EXERCISE REQUIREMENTS:
In the records that follow, find the line containing "Experts Rave: Automobile" and the line containing "In this example, the", then transcribe both and every line between them exactly, omitting pictures.

RECORDED DATA:

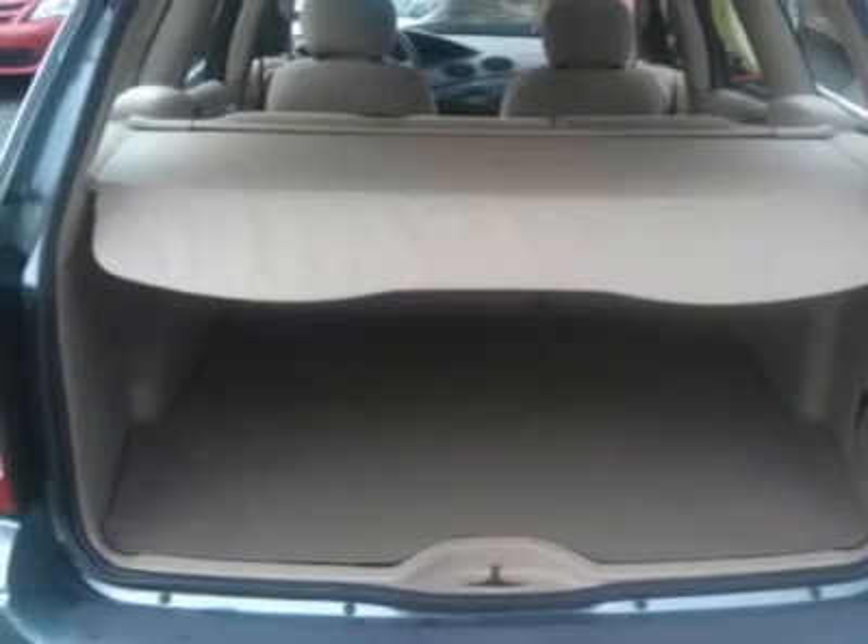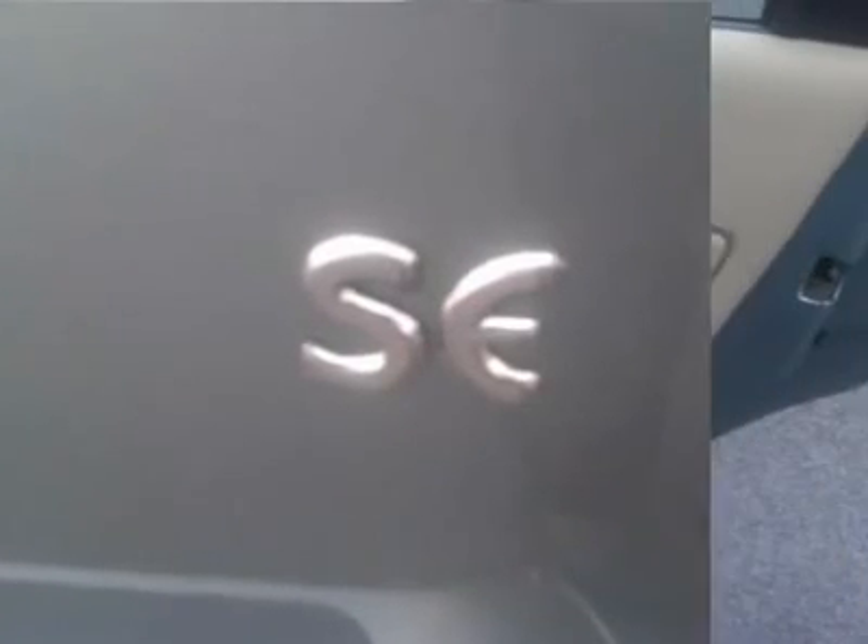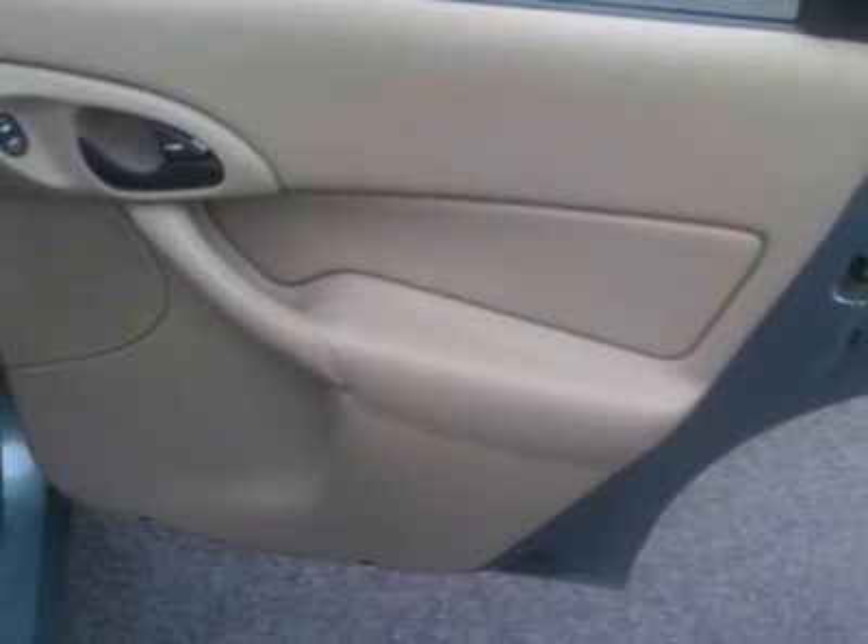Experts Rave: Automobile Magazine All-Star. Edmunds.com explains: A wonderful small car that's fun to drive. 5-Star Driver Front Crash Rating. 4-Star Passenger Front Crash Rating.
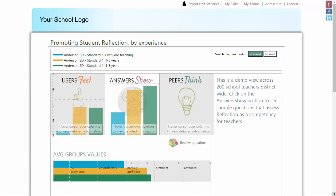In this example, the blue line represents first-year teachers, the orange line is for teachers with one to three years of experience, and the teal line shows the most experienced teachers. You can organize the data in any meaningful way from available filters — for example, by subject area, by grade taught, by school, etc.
==
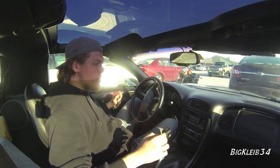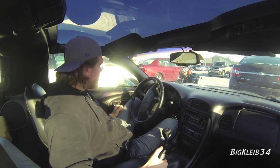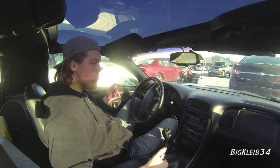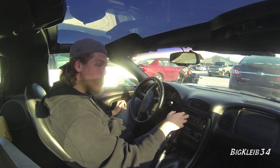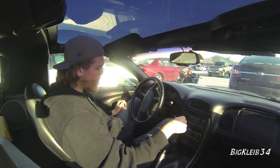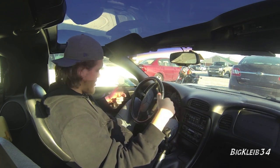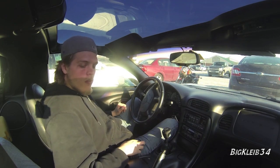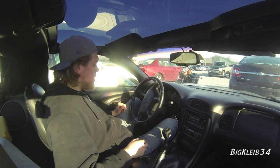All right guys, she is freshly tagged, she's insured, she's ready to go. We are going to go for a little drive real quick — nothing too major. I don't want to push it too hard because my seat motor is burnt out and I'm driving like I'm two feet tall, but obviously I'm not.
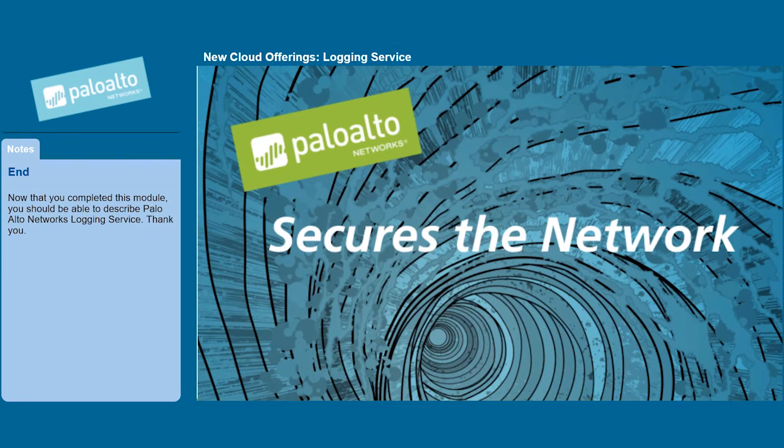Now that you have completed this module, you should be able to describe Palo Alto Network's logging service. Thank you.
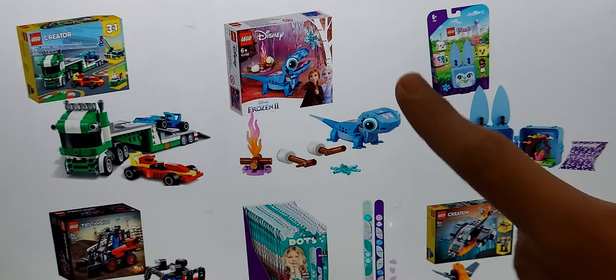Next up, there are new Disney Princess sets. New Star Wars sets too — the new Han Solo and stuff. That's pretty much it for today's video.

ANSWER SECTION:
Experts Rave: Automobile Magazine All-Star. Edmunds.com explains: A wonderful small car that's fun to drive. 5-Star Driver Front Crash Rating. 4-Star Passenger Front Crash Rating.
In this example, the blue line represents first-year teachers, the orange line is for teachers with one to three years of experience, and the teal line shows the most experienced teachers. You can organize the data in any meaningful way from available filters — for example, by subject area, by grade taught, by school, etc.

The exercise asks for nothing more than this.